In reality, almost all of the methods you'll find in the literature come within these subfields or a combination of a 2 or more more or less in the order I've listed. That's not to say that what people do isn't important or impressive, but it would be nice if we had some better structure to how we classify GP algorithms and improvements we make.

My Special Interests

There are a few questions and issues which I think have not been answered but are steadily improving with time. They are individual components of the GP algorithms that I consider a bit weak and I think they can be improved by taking knowledge from other fields. A good example would be how the treatment of Matrix-Vector-Multiplication (MVM) was used for scaling GP algorithms. Back in the day, the dominant community was various ways to subsample the data. The MVM community was fairly small within the main GP community but now it has risen as the most scalable and customizable method to date with a dominant python package. Just goes to show how other fields can really come in and improve some of the little intricate aspects of the algorithms and make huge improvements.

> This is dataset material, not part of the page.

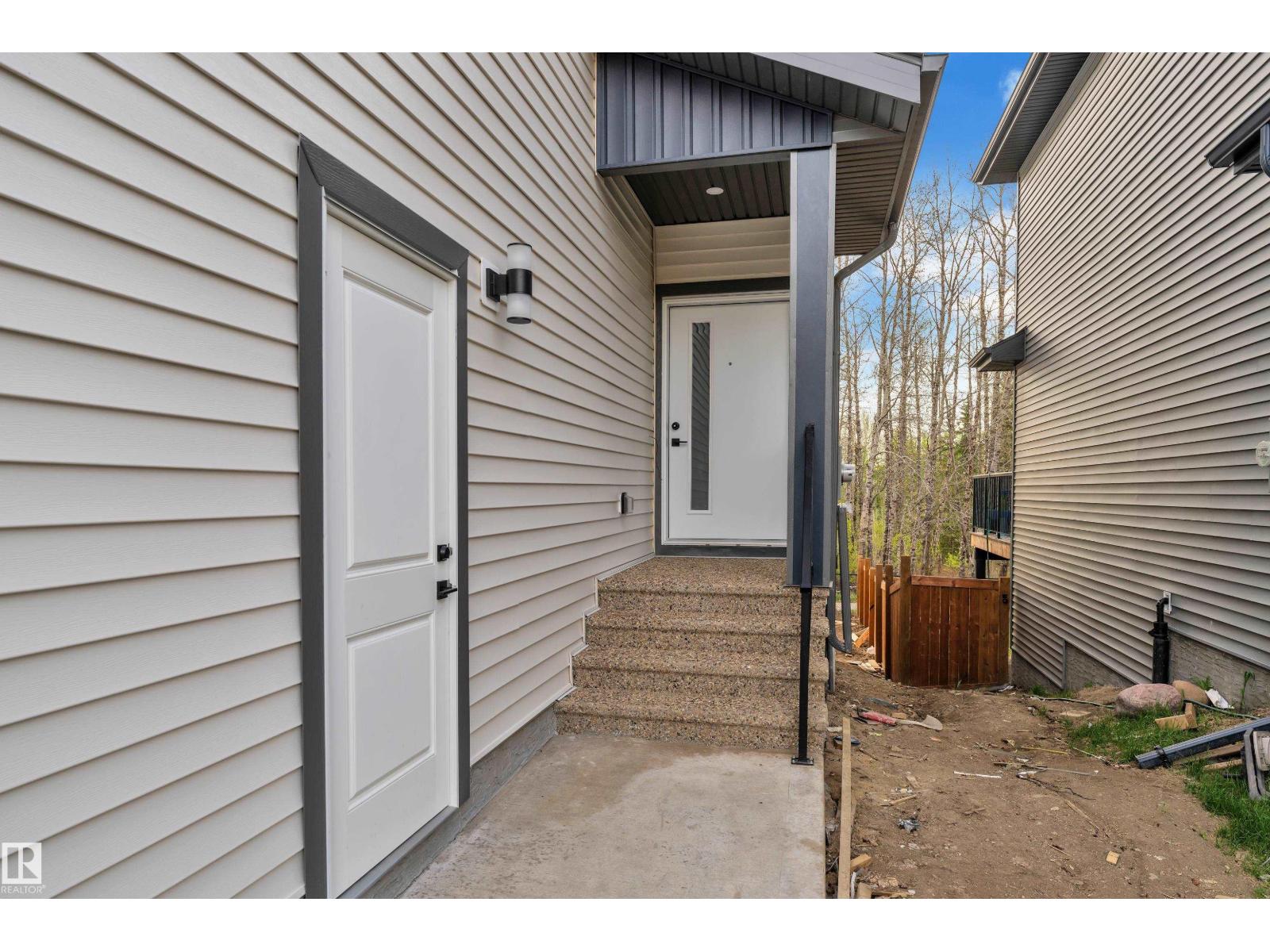 638 Astoria Wy, Devon, Alberta  T9G 0M7 - Photo 3 - E4488343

Below is a list of methods which are not as prevalent in the literature that you won't see at major machine learning conferences but that I believe are super important and could possibly greatly improve the methods that we already have. I will try to pay special attention to #1 in particular because it is apart of my research.

  1. Input Uncertainty
  2. Uncertainty Calibration
  3. Kernel Parameters (initializations and priors)
  4. Missing Data / Semi-Supervised Learning
  5. Training procedures
  6. Expressive Kernels

Topics

Gaussian Processes

If you're new to GPs, start here. I'll go over some of the necessary resources to get you up to speed.

Sparse Gaussian Processes

This contains some of the main GP algorithms that you need to know in the way of scaling. If your dataset is larger than 2K then you should probably start using one of these sparse methods.

Latent Variable Models

These algorithms are when we assume that the input X is not determinant but instead an unknown. The applications of this range from dimensionality reduction to uncertain inputs and even applications in missing data and semi-supervised learning.

Sparse Spectrum

These algorithms make use of the Bochner theorem which states that we can represent kernel functions as an infinite series with weights that stem from a Gaussian distribution. These (what are essentially Fourier transformations) are typically known as Sparse Spectrum GPs in the community.

Uncertain Inputs

This is directly related to my research so I'll pay special attention to this. I look at the literature spanned from the beginning up until now. This will mostly be about moment-matching algorithms and algorithms that use variational inference.

Deep GPs

I have made this a special section because I think it's quite an interesting topic. It's still a fairly young aspect of GPs (last 7 years or so) so it won't have such a depth of literature like the other topics. I'll also include stuff related to how Deep GPs are related to neural networks.

Neural Networks and GPs

This section is made up of the papers that talk about the connections between neural networks and GPs as well as some specific cases where people have used neural networks to extract features as inputs for GPs (i.e. Deep Kernel Learning).

Inference

A very important part of GPs, how do we obtain the hyperparameters. So this section will be looking at methods by GPs. I'll include the usual suspects such as maximum likelihood, variational inference, expectation propagation and monte carlo methods.

Kernels

I have a section where you can find stuff on different kernel methods that have specific use cases.

Software

The fun part. Here is where I look at all the latest software that one can use to run some of the SOTA algorithms. It will python libraries only because it's the language I personally use to code.

Applications

This consists of papers which have applied GPs to their respective fields. I'll focus more on Earth observation applications but I'll put up any others if I find them of interest.

Special

This will include all of the GP algorithms that I consider 'corner cases', i.e. GPs modified that apply to a specific application where some modification was necessary to make the GP work their use case.